Delores Browne helped Cuyjet fulfill her greatest dream: to help form the careers of black ballet dancers. Browne not only danced with Anthony Tudor’s Philadelphia Ballet Guild but was a soloist with New York Negro Ballet (formerly Ballet Americana). After a 3-year hiatus imposed by her frustration of not being able to get a dance contract in the U.S., she went on to dance in numerous projects with John Jones, Talley Beatty, Geoffrey Holder, Ballet Alonso in Cuba under the directorship of famed ballerina Alicia Alonso and more. Alvin Ailey tapped Browne to head the first scholarship program for the Ailey School. She became a master teacher and taught at Myers Brown’s Philadelphia School of Dance Arts for many years.
Judith Jamison’s career achievements are well documented and widely known. She went on to become an international star with Alvin Ailey American Dance Theater for 15 years. After leaving the company, she returned home the Philadelphia and started The Jamison Project until she was called on to take on the Artistic Directorship of the Ailey company after Mr. Ailey’s passing in 1989. There, she served as Artistic Director for 21 years. Following in her first teacher’s footsteps as is firm disciplinarian, she required a high level of technique and artistry from her dancers and helped make the Alvin Ailey American Dance Theater the preeminent modern dance company in the world. Jamison is now Artistic Director Emerita of the company. Her artistic body of work earned her the highest honors in the land including Kennedy Center Honors for her contribution to American culture through dance (1999) and the National Medal of Arts (2001).
These three women— Joan Myers Brown, Delores Browne, and Judith Jamison— embody the elegance and audaciousness of their mentors.

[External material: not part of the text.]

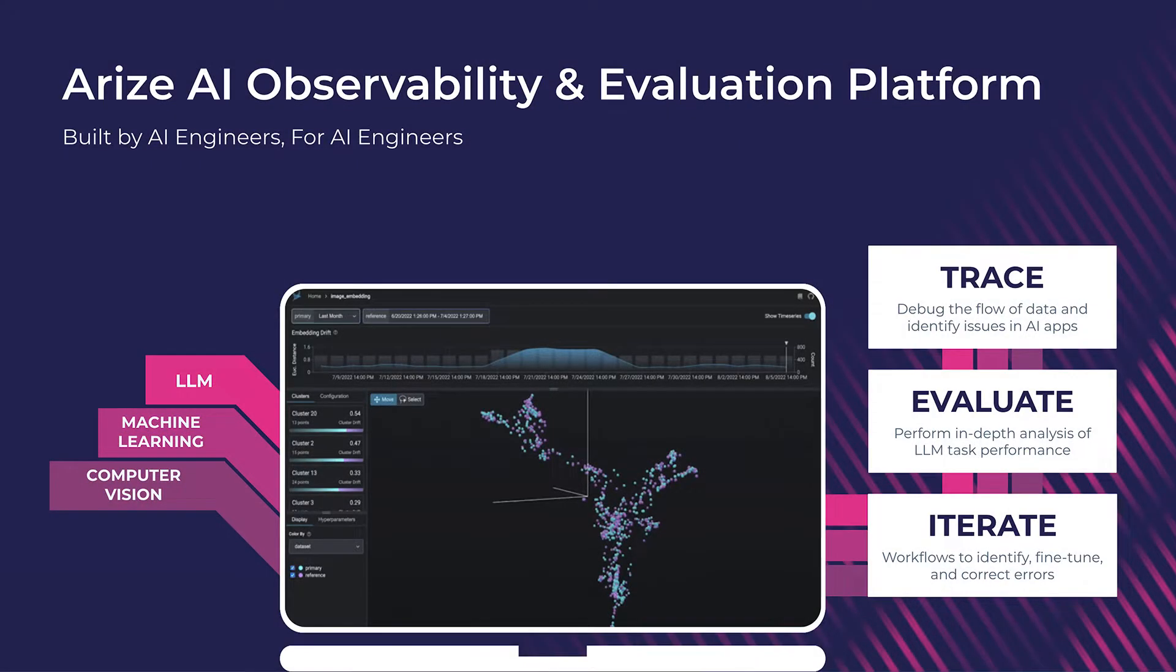Welcome to Arise AI. Arise is an AI observability platform used for building, developing, and productionizing LLM applications.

King and Cuyjet might not have had the opportunity to dance professionally as ballet dancers. However through their teaching they have produced many including: Billy Wilson, John Hines, John Jones, China Melva, White, Donna Lowe, Elmer Ball, are the first generation; hundreds of dancers have come through their lineage without even knowing the legacy that gave them the opportunity. Their lineage wraps the globe. Some of the Black Philadelphians in Ballet who have direct ties to the Cuyjet/King bloodline include: Robert Garland (Dance Theater of Harlem, resident choreographer and school director) Andrea Long Naidu (New York City Ballet, Dance Theater of Harlem), Zane Booker (Les Ballets De Monte Carlo, Netherlands Dance Theater) Ramon Flowers (Pennsylvania Ballet, Bejart, Frankfurt Ballet, Compañía Nacional de España, Montreal`s Les Grands Ballets Canadiens) and Theresa Ruth Howard (Philadelphia Civic Ballet, Dance Theatre of Harlem).
King and Cuyjet are a part of American ballet history and they should be heralded for their contributions, and acknowledged for their accomplishments. They were faced with adversity…And Still They Rose.